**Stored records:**
--------------------------------

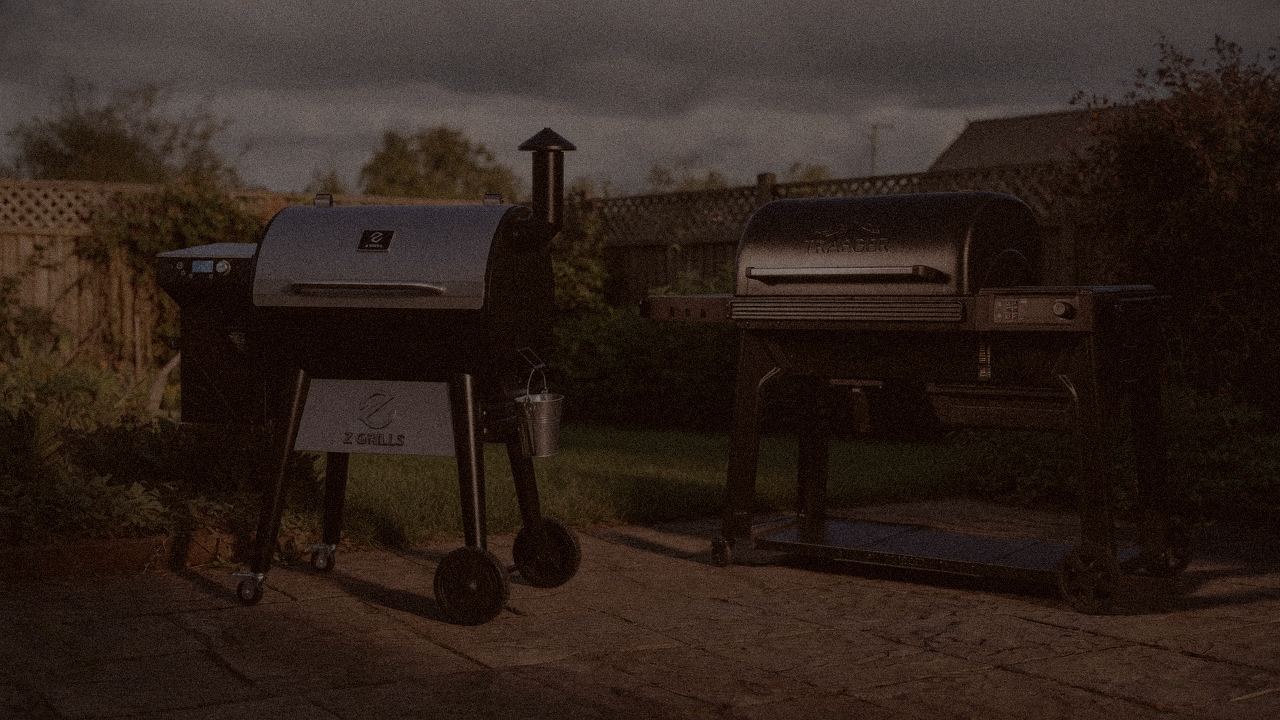 Z Grills 700 Series beside Traeger Woodridge Pro, official product photography on a dark steel panel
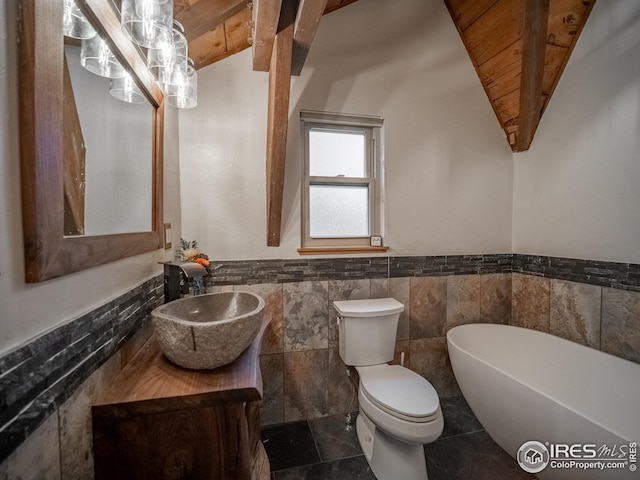 full bathroom featuring a wainscoted wall, toilet, a freestanding bath, vanity, and vaulted ceiling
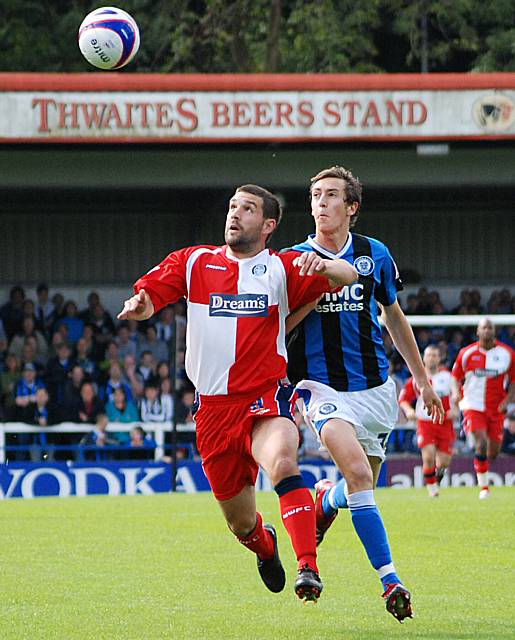 Tommy Doherty battles for posession with Buckley.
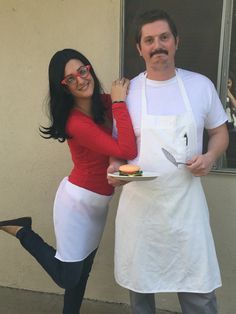 a man and woman dressed up in costumes for halloween, standing next to each other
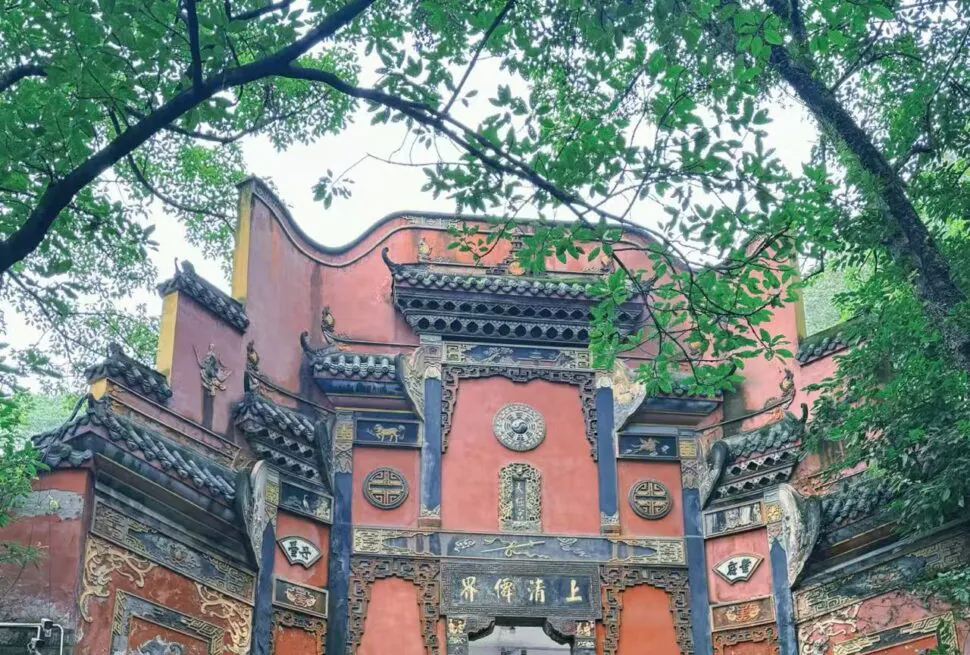 Ornate red Chinese temple gate with blue-gray decorative panels and gold carvings, framed by green trees.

--------------------------------

**TRY IT:**
The answer consists of the records repeated exactly, without any images.

**SOLUTION TO THE EXERCISE:**
 Z Grills 700 Series beside Traeger Woodridge Pro, official product photography on a dark steel panel
 full bathroom featuring a wainscoted wall, toilet, a freestanding bath, vanity, and vaulted ceiling
 Tommy Doherty battles for posession with Buckley.
 a man and woman dressed up in costumes for halloween, standing next to each other
 Ornate red Chinese temple gate with blue-gray decorative panels and gold carvings, framed by green trees.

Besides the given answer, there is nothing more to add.